Subgenre: Young Adult Speculative Romance / LGBTQ+ Contemporary Fantasy

Rating: ★★★★☆ (4.3 out of 5 stars)


“I wake up. Immediately I have to figure out who I am.”

And with that poetic punch to the chest, Every Day opens the door to one of the most unique love stories in contemporary YA literature. David Levithan invites us to meet A—a being who inhabits a different body each day, regardless of gender, race, orientation, or geography. A has lived like this for 16 years, never staying, never forming attachments—until they meet Rhiannon.

What follows is not just a romance, but a quiet philosophical meditation on embodiment, consent, connection, and what it really means to see someone beyond the surface.


🌟 What Shines Bright (Praise)

  • A Concept that Sparks Wonder: The premise—a soul that changes bodies daily—feels equal parts magical and existential. It’s a high-concept idea that Levithan grounds with surprising emotional realism.
  • Radical Empathy in Action: As A navigates different lives—teens who are trans, disabled, depressed, joyful, angry—readers are handed a passport into radically different experiences. The result is a masterclass in empathy without feeling preachy.
  • Romance with a Pulse: The tension between A’s shifting identity and Rhiannon’s desire for constancy is heartbreakingly honest. Their love feels tender, messy, and deeply human, in all the best ways.

LGBTQ+ Affirming: A’s fluid existence opens the door for conversations around gender, orientation, and love beyond binaries. It’s a warm, welcoming mirror for queer teens—and a gentle education for others.


🤔 Where It Trips a Bit (Critique)

  • A Bit Repetitive: The daily body-swaps—while thematically rich—can become narratively repetitive. Some readers may wish for a tighter pace or more external plot movement.
  • Ethical Gray Zones: A inhabits people without their consent, which raises valid ethical questions the book only lightly touches. If you're a reader who likes moral nuance explored thoroughly, you might find this unsettling.
  • Rhiannon's Flatness: While A is complex and layered, Rhiannon occasionally reads more like a vehicle for A’s longing than a fully-realized character in her own right.
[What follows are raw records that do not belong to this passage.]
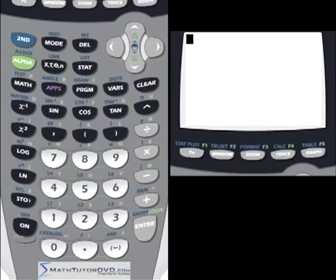Hello, I'm Jason with MathTutorDVD.com and today we're going to begin the first of several tutorial videos on the topic of the TI-84 Plus calculator. The TI-84 Plus is very similar to the TI-83 series calculators — the 83 and 83 Plus. So if you have a TI-83, TI-83 Plus, 84, or 84 Plus, everything we're going to talk about here will be completely applicable for you. The calculators are very similar; there are some internal differences but they're really not that different.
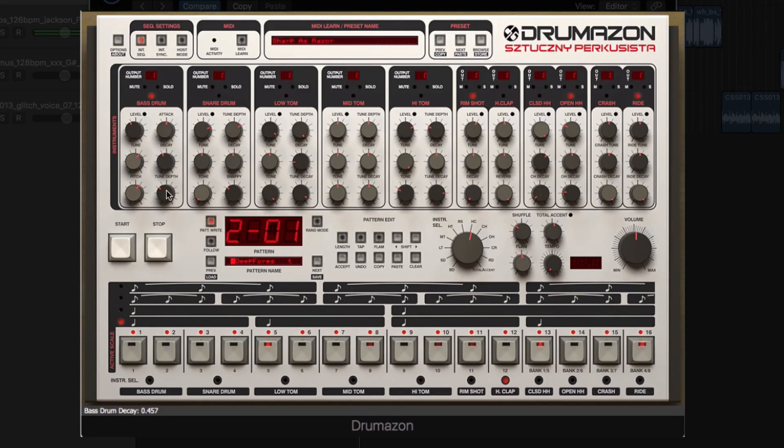We'll also take a look at setting up Drumazon as a multi-output instrument for use in other DAWs, as well as exploring how to browse both the pattern presets and instrument presets, and all the under-the-hood features that Drumazon has to offer.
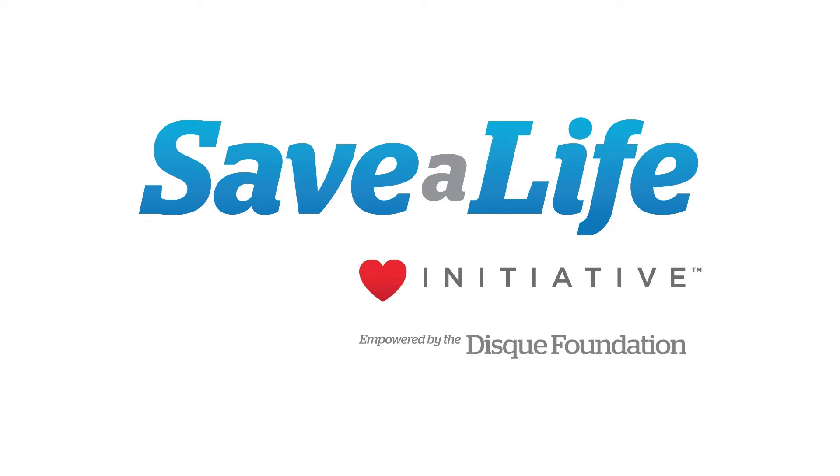This concludes the BLS for children and infants lesson. Next, we will review the CPR steps for children.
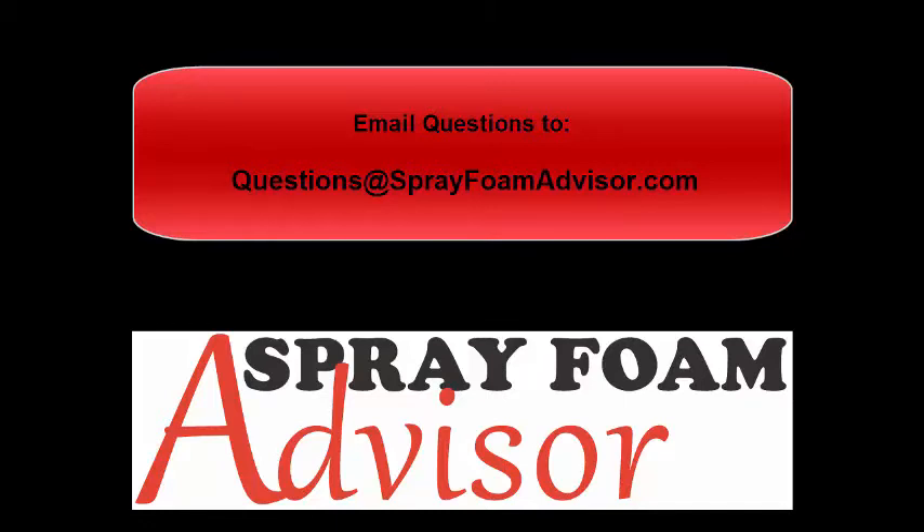If you like this video, go ahead and subscribe to the blog if you haven't already done that. Find us on YouTube and like and follow us there. Check us out on LinkedIn, Facebook, Twitter, and Instagram. Find us on all of your favorite social media sites and you can keep up with the words of wisdom coming out of Spray Foam Advisor. Thank you very much for joining us — we'll catch you on some more videos. Take care.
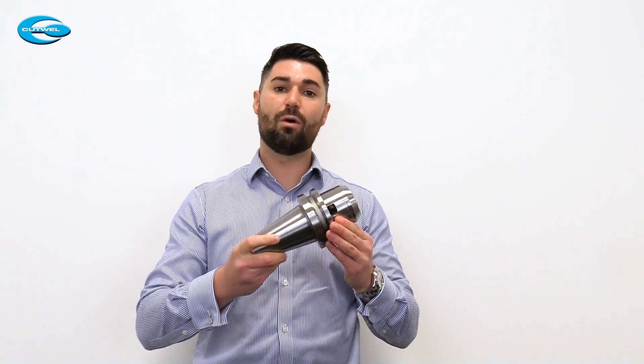Why hold a high performance tool in a general purpose, lower quality tool holder? If you're using a high performance tool, you need to be holding it in something like our Power E Hydro Chuck. This will ultimately increase your capabilities. Later on in the video I'll show you how you can get one of the Power E Hydro Chucks or a Syncro Tap Chuck for free, but first let's go through why everybody who's using high performance tooling should be using one of these.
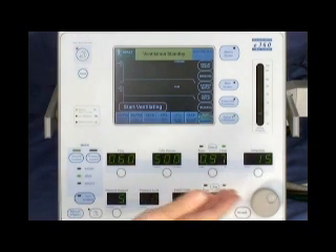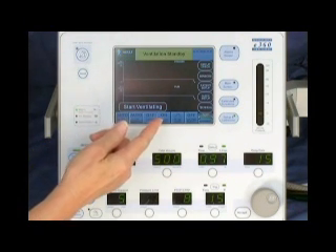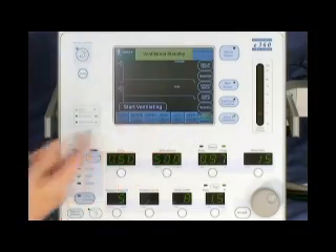The primary ventilation controls are on the lower half of the front panel. On the left side, you'll find the selectors for two of the breath types — volume and pressure control — as well as the indicators for assist control, SIMV, and SPONT modes of ventilation. Controls for activating the other two breath types are found in the advanced dataset on the graphical user interface.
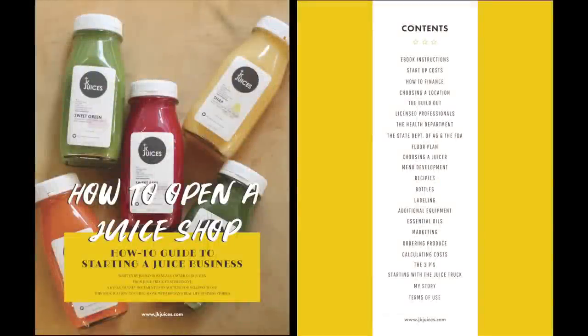I'm going to go through all the chapters in the book so you can have an idea. This is all on the website too, and you can see all the details there. The link to buy this book is in the description box below. First, you're going to get the instructions, which tell you how all the links in the book are clickable and link YouTube videos that correspond to the topic. Then startup costs — how much it costs, what you can expect, different categories, and how to finance it. Choosing a location, which is really important for your juice bar. The buildout — working with contractors, architects, blueprints and submitting plans. Licensed professionals — CPAs and other people you're going to want to hire.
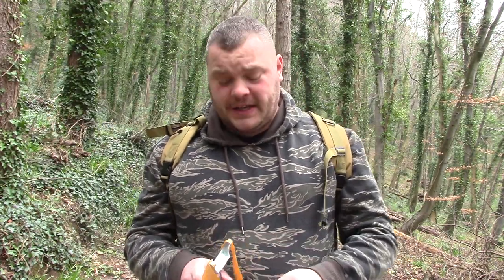Hi you guys, Gamekeeper John here today. We're having a little mooch, walking around the woods. We might look for some forks, might have a couple of shots, and give you a few tips and pointers along the way — stuff we do, little tips here and there.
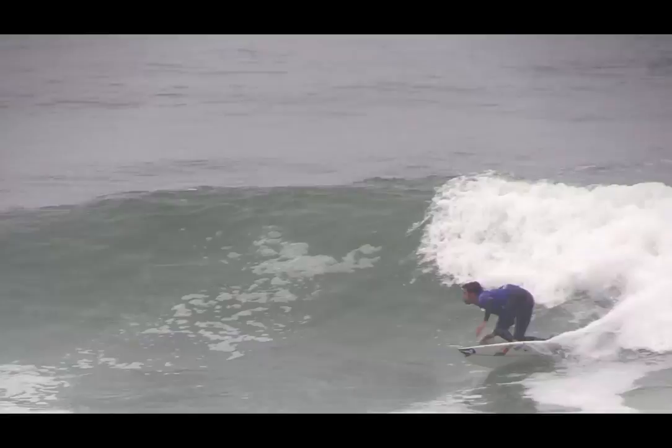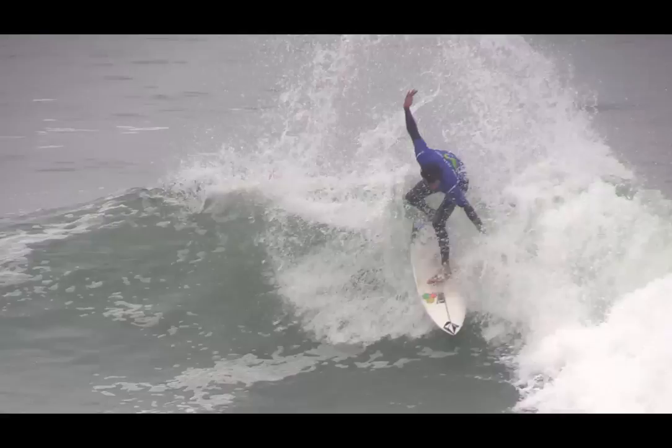Cutbacks are linking manoeuvres between sections on waves. If a wave fattens out, the surfer should cut back to the foam to allow the wave to rebuild into more functional sections further down the line.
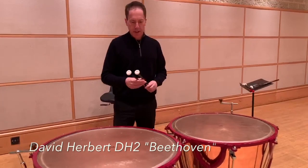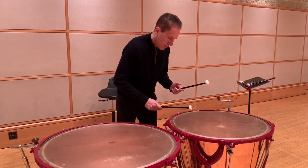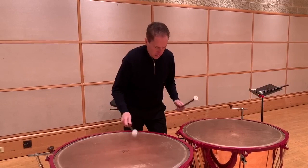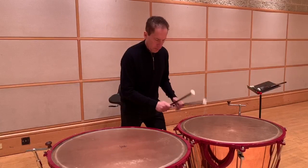These are the David Herbert II — we'll call them the Beethoven sticks.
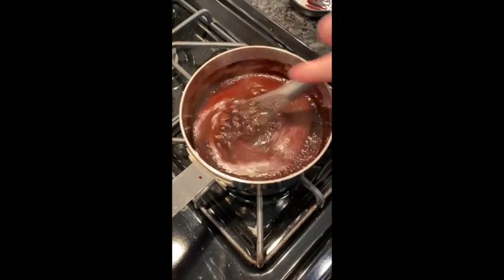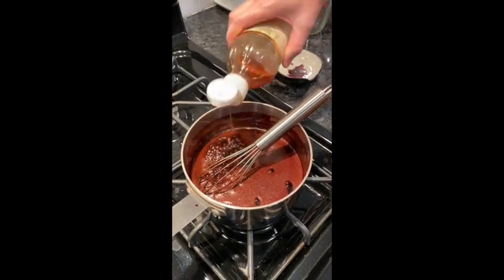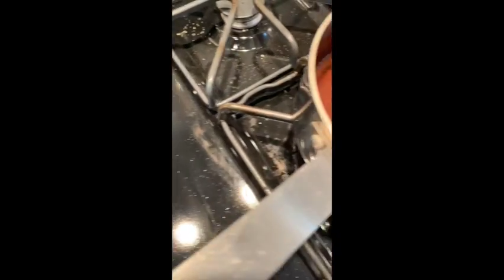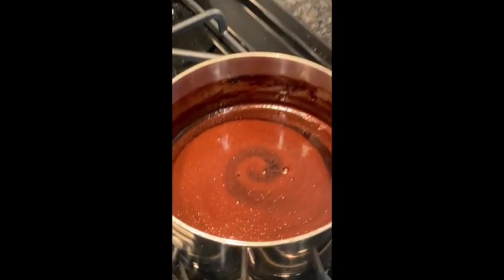Remove the sauce from the heat. Stir in approximately one teaspoon of vanilla extract and be sure to let it cool before putting in the refrigerator. This recipe will keep for approximately two to three weeks in the fridge. Enjoy!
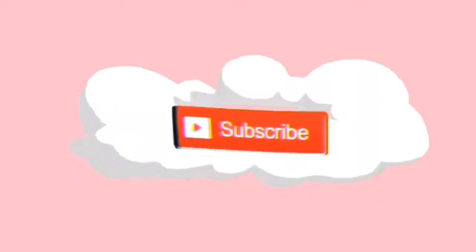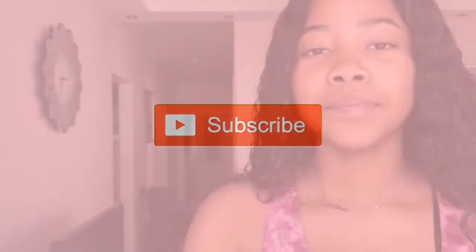Hey D squad, it's your girl back at it again! Today I'm gonna be doing a different video — a skincare routine.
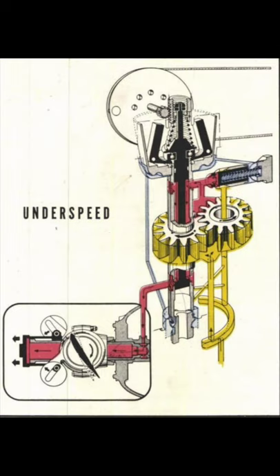Here we have the under-speed condition — the engine is running too slow. Spring pressure overcomes the flyweights and forces the pilot valve down. The governor pressure, which fills the hollow gear shaft, is now open to go out to the propeller. That forces the blades to a lower blade angle, which causes an increase in engine RPM. That increase in centrifugal force causes the flyweights to move outboard balanced with spring pressure, which closes off the pilot valve so no oil flows to or from the propeller, returning us to an on-speed condition.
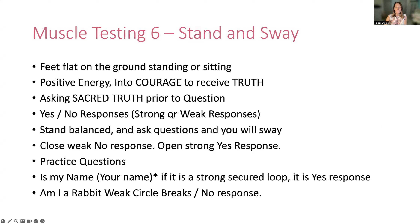Number six: the muscle testing sway — stand and sway. This is where you would actually stand up, feet on the ground. You can also do this sitting down once you've learned to do it standing up. Asking sacred truth prior to any question gets that quality response — it's basically going out to the quantum universe and saying, 'I only want the sacred truth here. All other answers can be ignored. I just want the sacred truth as a response.' That's your sacred intention.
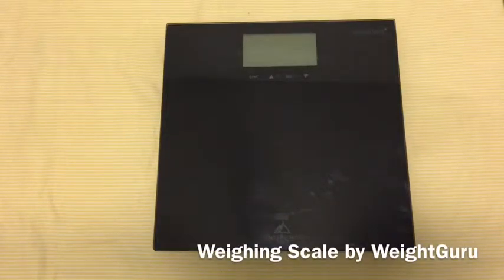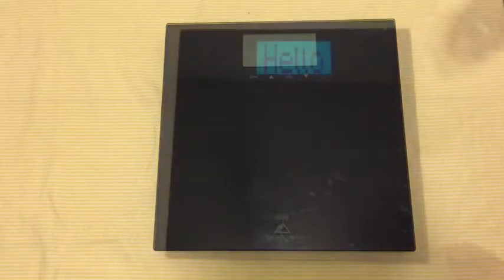Hello everyone, this is B for Try Me Once Reviews, and today we are reviewing the Weightless Weight Gurus weighing scale. This is a black scale and there are some very distinct features about this weight scale which are nice.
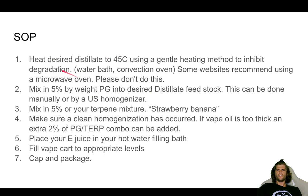The SOP: heat your desired distillate to 45 degrees Celsius using a gentle heating method to inhibit degradation. You can use a water bath or a convection oven. Some websites will recommend using a microwave oven — please don't do this. I don't have scientific evidence to say microwaves are harmful, but you can't really control the heat uniformly, and we want to inhibit any degradation. A nice, gentle heating method is desirable for this process.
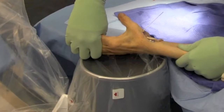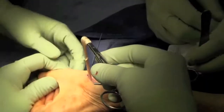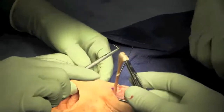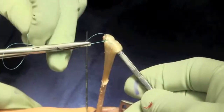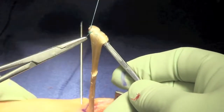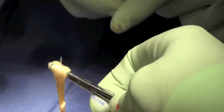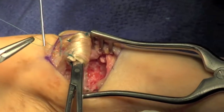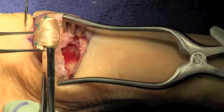Position of the thumb was then checked, and the anchovy was then made using 4-0 Ticron, rolling the flexor carpi radialis and placing it into the defect.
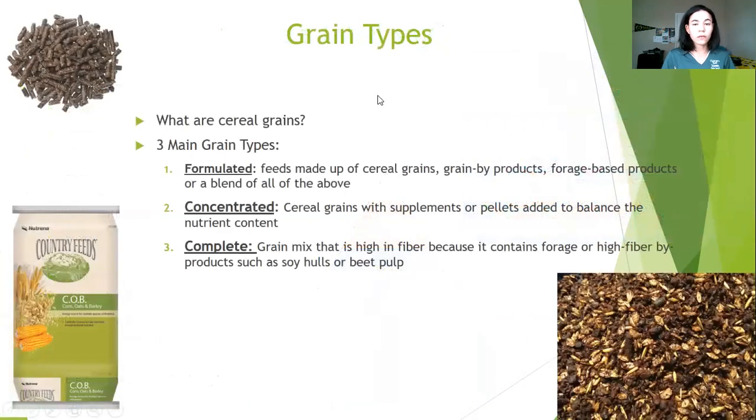Now let's move into talking about grain types. Once you know how to read a feed label and understand our food pyramid, you need to think about what type of grain is best for your horse. First, there are cereal grains — examples include corn, oats, and barley. Grains are lower in fiber and higher in energy than hay, which is why you don't have to feed as much grain as you do hay. Our three main grain categories are formulated, concentrated, and complete.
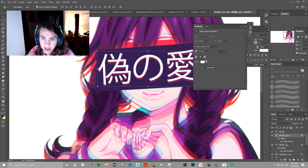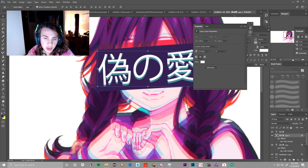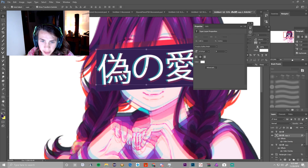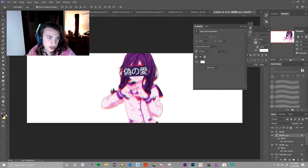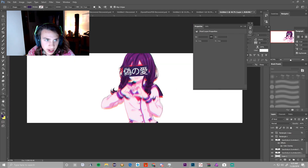Ctrl+J that again, click Blending Options, click Color Overlay, but change it to blue. Drag it a little bit up top to add the effect. Next, press the Rectangle tool, go to the bottom of all those layers, and line it up as best you can to make a background — make it even and make sure it's behind the image.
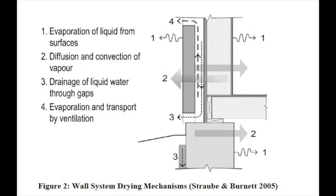So here's what we have: a wall that can dry to the interior, to the exterior, and up through the back of the cladding. So now we're back ventilated and we're getting convection through the entire wall system for drying.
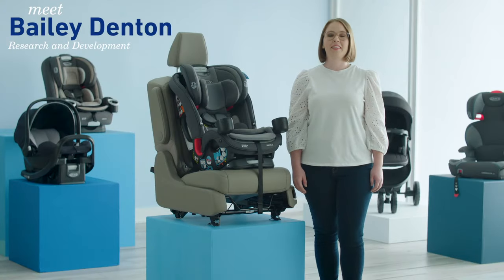Hi, I'm Bailey from Graco, and this video is going to show you the steps to install your SlimFit 3LX 3-in-1 car seat forward facing with a seat belt.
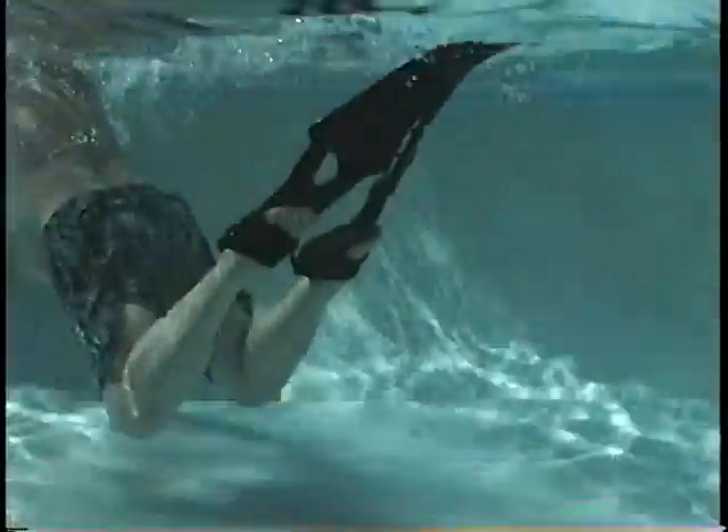When an alligator moves through the water, when a snake slides over the sand, they both are using an oscillating tail.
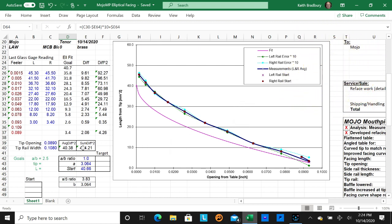To calculate the target curve, we click on the 'sum diff.' Here you have the left reading, the right reading, and your feelers. Then there's a calculation of the elliptical facing curve. I subtract whatever the fit says from the reading to get a difference — that's the distance between the magenta line and the blue line for each feeler, and it can be positive or negative.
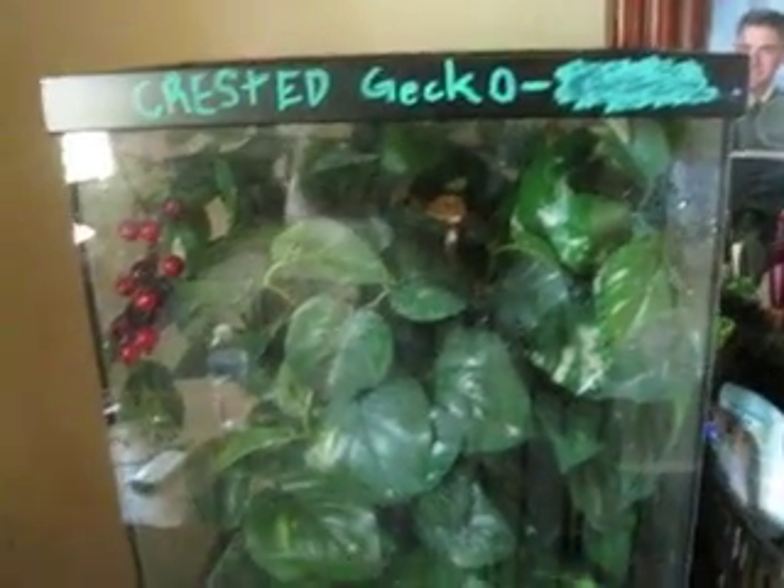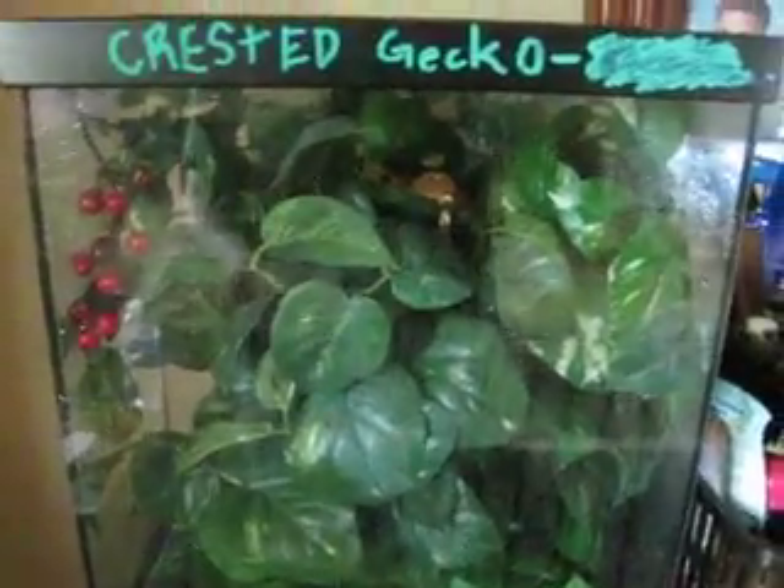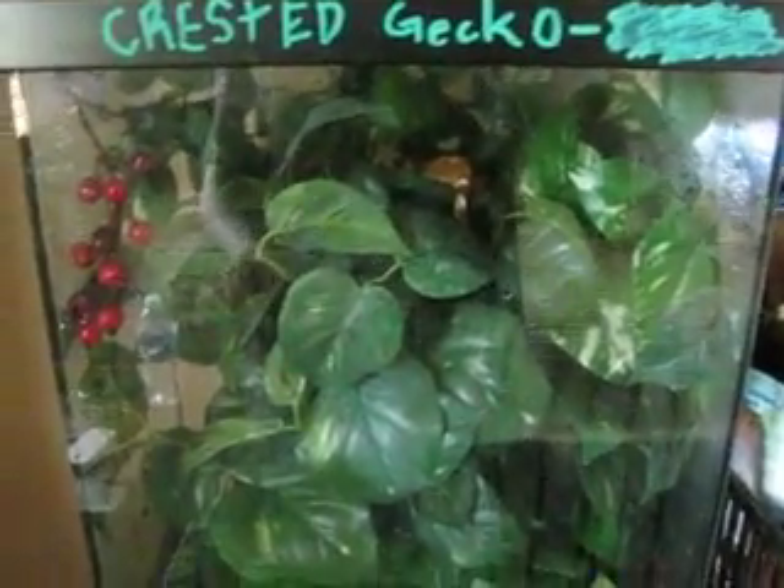YouTube, it's reptile boy. I'm going to be doing a crested gecko setup video. There he is — what a beast.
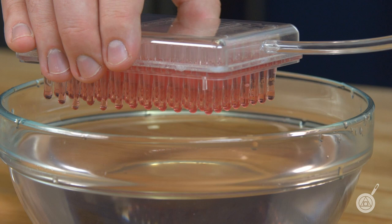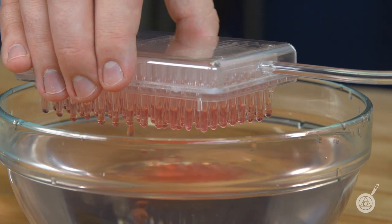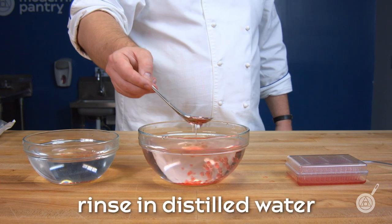Each Rapid Caviar Maker has 96 pipettes, so you can make hundreds of spheres very quickly. Allow the spheres to set for 30 seconds in the calcium bath before removing and rinsing with distilled water.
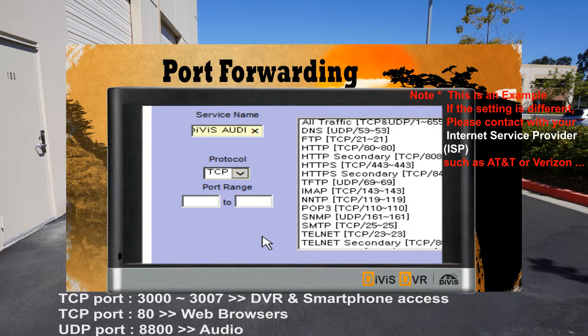If you find the router setting is different, click on the router icon and click on the internet service provider, such as AT&T or Verizon, because they are using their own router.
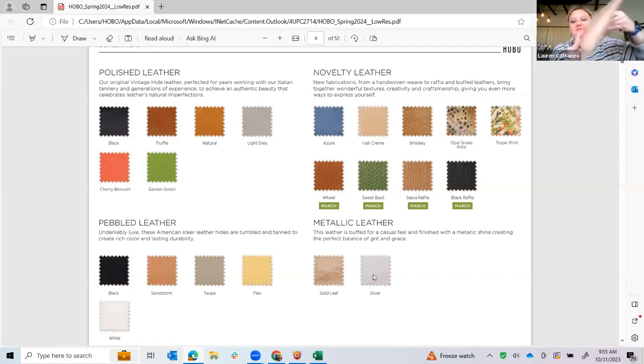We also have Irish cream in this buffed leather — again a lot of dimension, there's a little shine to it, which is really great, and this is a beautiful neutral. I'm going to skip whiskey because I don't appear to have something to show you in that. The opal snake ties back as sort of our color mapper for the season — it's going to be beautiful with the cherry blossom, the garden green, or any of the neutrals. In a later delivery we introduced tropical print, which is just our fun floral for the season — it's going to tie back to those beautiful colors we discussed.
🚨 Potential Triggers (By Degree)

Mild to Moderate:

  • Body dysphoria & gender identity distress (as A navigates different bodies)
  • Depression & suicidal ideation (brief but present in certain characters A inhabits)
  • Emotional manipulation in relationships (from Rhiannon’s boyfriend)
  • Consent ambiguity (A's uninvited presence in others' bodies)

No explicit violence or sexual content, but the emotional stakes can be intense.


💌 Who Should Read This?

  • Teens & young adults questioning identity, gender, or the shape of love.
  • Readers craving emotionally intelligent speculative fiction with a philosophical twist.
  • Fans of Becky Albertalli, Nina LaCour, or They Both Die at the End.
  • Adults nostalgic for YA that’s both heartwarming and thought-provoking.

🌈 Final Thoughts

Every Day is a love story, yes—but also a mirror, a question, and a prayer. It asks: if we are more than our bodies, what does love really see? David Levithan doesn’t hand us easy answers, but he does offer us a kaleidoscope of lives—each one reminding us that being human is a beautiful, complex mess of connection.

It may not be a perfect novel (what soul ever is?), but it lingers, like a dream you can’t quite shake. If you’re ready to read something that will expand your heart and challenge your assumptions—with a touch of speculative sparkle—this might just be the book for you.